Em 1993, Débora passou alguns meses em Londres, mas foi quando retornou ao Brasil e concluiu sua graduação na USP, cinco anos mais tarde, que começou a dedicar-se mais seriamente à prática artística e, consequentemente, enxergar algumas questões se manifestando claramente em seu trabalho. “Não se trata de fazer um elogio à arquitetura doméstica, mas de querer revisitar, de misturar suas formas de expressão com todas as idiossincrasias envolvidas na concepção de um lugar próprio”.

Exemplos dessas manifestações podem ser vistas na série Baldios (1999-2013), na obra Duas Ladeiras (2000), Ed. Cimenticola (2011) e Sextavado e Peças de Reposição (2013). Uma tentativa mais de colocar em suspenso um instante do processo de construção de um ícone do que elevá-lo a um status de monumento. “É como olhar para uma incógnita.” A escala humana presente em seu trabalho seria também um meio de criar uma identificação no espectador com o corpo, a persona da obra. Seus títulos atuam de forma a suscitar essa presença, como na última palavra da obra Quebra-Mola de Paçoca (2007) que seria como o sobrenome da peça ou a Caixa Klenir (2000), sendo essa última também o nome da caixa.

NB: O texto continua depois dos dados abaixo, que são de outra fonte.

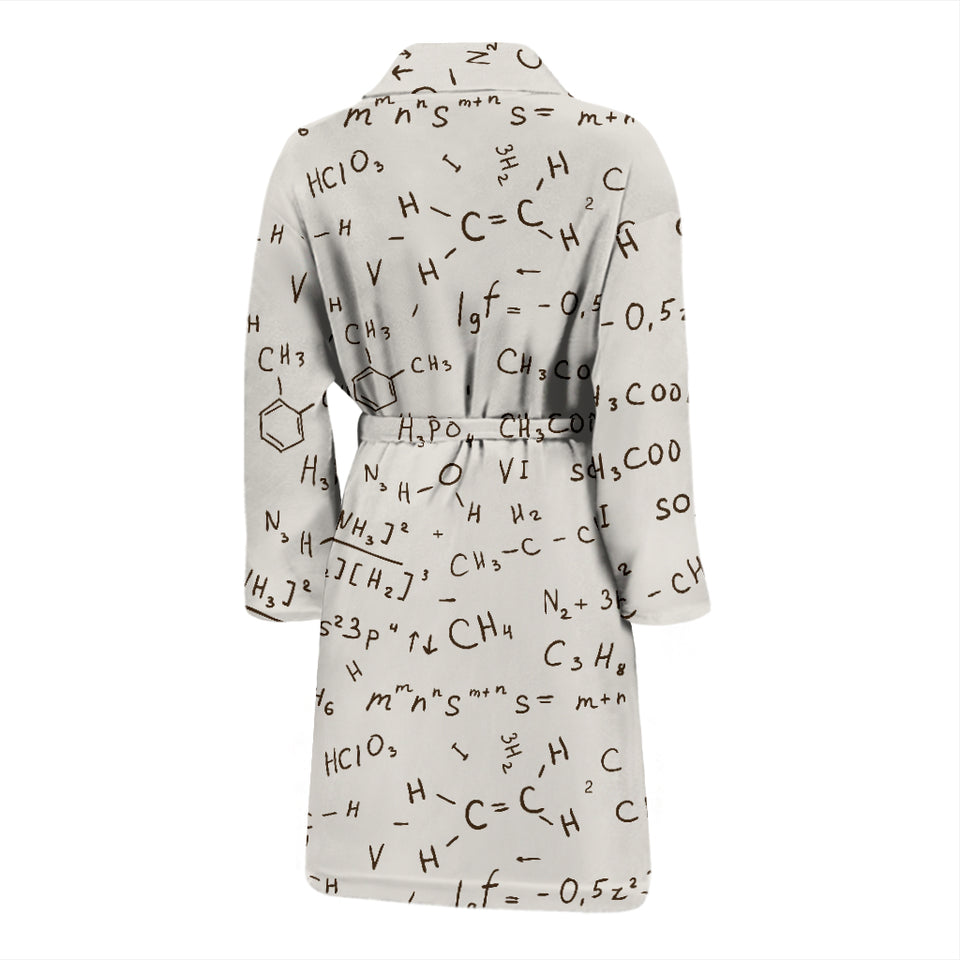 Chemistry Periodic Table Pattern Print Design 04 Men's Bathrobe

 Existe ainda em sua prática uma doce rebeldia, uma desconfiança fenomenológica que a leva a praticar um exercício constante de estranhamento e desconstrução da natureza das coisas. “Geralmente existe algo que a coisa já carrega. A vontade é de amplificar esse algo, identificando-o com outra coisa. Tenho um gosto por atuar nessa composição das potências internas das coisas, independentemente da função que elas apresentem em um primeiro plano.” Por fim uma descaracterização dos objetos, termo que ficaria mais claramente à mostra em sua individual Descaracter, na Galeria Jaqueline Martins, também em maio deste ano. Se existe um consenso sobre um tipo de uso, a artista vai fazer de tudo para revê-lo. Se uma coisa está capturada pelo sistema, então ela buscará maneiras de libertá-la de sua amarra de sentido. Para ela, tudo ao redor parece apresentar um convite emancipatório.